A number of isolated Aphanius populations that might deserve species status have been reported from endorheic drainages in Iran, but have not yet been investigated in detail (Coad and Abdoli 2000; Hrbek et al. 2006; Esmaeili et al. 2010). They were commonly identified as Aphanius sophiae (Heckel, 1849) (Coad and Abdoli 2000; Kamal et al. 2009); however, it was shown that the true Aphanius sophiae is restricted to the endorheic Kor River basin near Shiraz (Fars Province) (Coad 2009; Esmaeili et al. 2012). This study describes a newly discovered Aphanius population from the Namak Lake basin in northern central Iran (Fig. 1). The specimens were collected in 2007 because they appeared to be different from other Iranian Aphanius species by a specific coloration.

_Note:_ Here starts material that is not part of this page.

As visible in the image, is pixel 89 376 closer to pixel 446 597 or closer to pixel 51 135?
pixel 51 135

Here it is shown that the population from the Namak Lake basin in fact represents a new species, Aphanius arakensis. Our study is based on a total-evidence approach including morphometric and meristic characters, otolith morphology, and molecular data.

Figure 1.

Geographic distribution of the endemic Iranian inland Aphanius species.

Material and methods

Institutional acronyms: ZM-CBSU, Zoological Museum of Shiraz University, Collection of Biology Department; ZSM, Zoological State Collection, Munich.

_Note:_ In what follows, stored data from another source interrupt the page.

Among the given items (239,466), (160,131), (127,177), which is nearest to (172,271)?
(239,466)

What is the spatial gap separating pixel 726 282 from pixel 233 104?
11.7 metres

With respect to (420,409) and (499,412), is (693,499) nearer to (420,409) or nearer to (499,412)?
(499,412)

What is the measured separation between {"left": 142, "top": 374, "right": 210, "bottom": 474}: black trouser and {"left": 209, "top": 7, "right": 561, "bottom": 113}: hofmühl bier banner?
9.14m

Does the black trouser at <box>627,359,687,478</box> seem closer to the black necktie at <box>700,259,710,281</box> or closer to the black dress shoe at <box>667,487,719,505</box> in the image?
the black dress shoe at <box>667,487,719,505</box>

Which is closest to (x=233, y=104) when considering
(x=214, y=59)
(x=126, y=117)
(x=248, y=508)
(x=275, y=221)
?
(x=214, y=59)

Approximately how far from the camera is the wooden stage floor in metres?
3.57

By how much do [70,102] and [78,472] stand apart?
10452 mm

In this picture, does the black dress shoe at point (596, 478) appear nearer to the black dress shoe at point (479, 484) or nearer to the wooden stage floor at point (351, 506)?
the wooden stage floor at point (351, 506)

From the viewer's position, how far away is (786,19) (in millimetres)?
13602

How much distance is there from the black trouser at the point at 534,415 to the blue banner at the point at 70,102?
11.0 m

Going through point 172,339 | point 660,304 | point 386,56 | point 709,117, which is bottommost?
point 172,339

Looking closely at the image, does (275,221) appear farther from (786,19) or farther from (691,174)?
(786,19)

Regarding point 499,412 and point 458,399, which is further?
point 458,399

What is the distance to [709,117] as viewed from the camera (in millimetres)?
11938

Material for morphological comparison.

Aphanius sophiae: 35 males (19.3–33.3 mm SL) and 35 females (18.6–36.6 SL) from the Ghadamgah spring-stream system (close to type locality) in the Kor River Basin (Iran, Fars Province), 30°15'N, 52°25'E. Males: ZM-CBSU, 8460, 8462, 8462, 8466, 8468, 8470, 8472-73, 8475, 8477, 8479, 8481, 8483, 8485, 8487, 8479, 8489, 8491-97, 8499, 8501, 8503-09, 8511-13; females: ZM-CBSU, 8461, 8463, 8465, 8467, 8469, 8471, 8474, 8476, 8478, 8480, 8482, 8484, 8486, 8488, 8490, 8498, 8500, 8502, 8510, 8514-29.

Aphanius farsicus: 35 males (20.0–26.8 mm SL) and 35 females (20.4–35.2 mm SL) from the Barm-e-Shur spring in the Maharlu Lake Basin (type locality) (Iran, Fars Province), 29°27'N, 52°42'E. Males: ZM-CBSU, 9413, 9415, 9417, 9421, 9441, 9443, 9447, 9449, 9459, 9467, 9481, 9483, 9485, 9487, 9489, 9493, 9497, 9499, 9503, 9511, 9513, 9515, 9517, 9519, 9527, 9529, 9531, 9533, 9537, 9539, 9541, 9555, 9557, 9559, 6375; females: ZM-CBSU, 9410, 9412, 9420, 9422, 9428, 9442, 9444, 9452, 9458, 9472, 9474, 9478, 9482, 9488, 9492, 9494, 9498, 9500, 9502, 9504, 9506, 9510, 9516, 9520, 9530, 9532, 9534, 9536, 9558, 9560, 9562, 9564, 6364, 6359, 6385.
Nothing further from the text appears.